III.  Question à trancher et norme de contrôle

[23]  La question dont la Cour est saisie consiste à savoir si les décisions sont raisonnables. La norme de contrôle applicable à l’égard des décisions ERAR et CH est celle du caractère raisonnable de la décision (Tapambwa c Canada (Citoyenneté et Immigration), 2019 CAF 34, au par. 32; Garcia c Canada (Citoyenneté et Immigration), 2019 CF 1005, au par. 25; Kanthasamy c Canada (Citoyenneté et Immigration), 2015 CSC 61, au par. 44; Chen c Canada (Citoyenneté et Immigration), 2019 CF 988, au par. 24). La norme du caractère raisonnable exige que l’évaluation de l’agent soit justifiée, transparente et intelligible et que la décision appartienne aux issues acceptables pouvant se justifier au regard des faits et du droit : Dunsmuir c Nouveau‑Brunswick, 2008 CSC 9, au par. 47.

IV.  Analyse

[24]  J’aimerais indiquer d’emblée que des étudiants de la faculté de droit de l’Université de Windsor ont contribué à la rédaction des demandes ERAR et CH du demandeur. Il serait négligent de ma part que de passer sous silence les efforts ayant été consacrés à la préparation des observations présentées à l’agent par le demandeur, et j’aimerais souligner que les observations en question formaient un dossier qui s’est avéré très utile pour la Cour. Pour les raisons exposées ci-dessous, j’estime que les motifs sommaires fournis par l’agent dans les deux décisions ne tenaient tout simplement pas compte de la preuve étoffée qui lui avait été présentée.

[25]  J’observe également que selon le défendeur, en invoquant dans sa demande CH les risques politiques qu’il courait afin d’établir qu’il ferait face à des difficultés, le demandeur s’est trouvé à admettre qu’il n’était pas à risque, suivant les critères plus exigeants applicables à sa demande d’ERAR fondée sur les articles 96 et 97 de la Loi sur l’immigration et la protection des réfugiés, LC 2001, c 27 (LIPR).
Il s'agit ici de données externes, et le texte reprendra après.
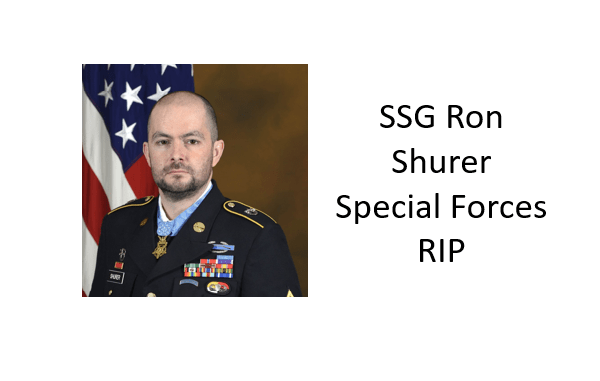 SSG Ron Shurer RIP Special Forces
Cet argument est totalement infondé. Comme l’a noté l’agent dans la décision CH, les facteurs visés aux articles 96 et 97 de la LIPR ne peuvent être considérés comme faisant partie des considérations d’ordre humanitaire. Le demandeur a donc eu raison d’adapter ses observations en fonction des normes applicables à chaque demande et de présenter comme une difficulté le risque politique auquel il croyait être exposé.

[26]  Bien que les motifs donnent à penser que l’agent n’était pas convaincu du caractère suffisant des éléments de preuve présentés, les raisons qu’il a données pour rejeter la preuve documentaire ou ne lui accorder que peu de poids ne sont ni justifiées, ni transparentes, ni intelligibles. À ce titre, les décisions par lesquelles il a refusé les deux demandes n’appartiennent pas aux issues acceptables pouvant se justifier au regard des faits et du droit. Par conséquent, les deux décisions sont déraisonnables.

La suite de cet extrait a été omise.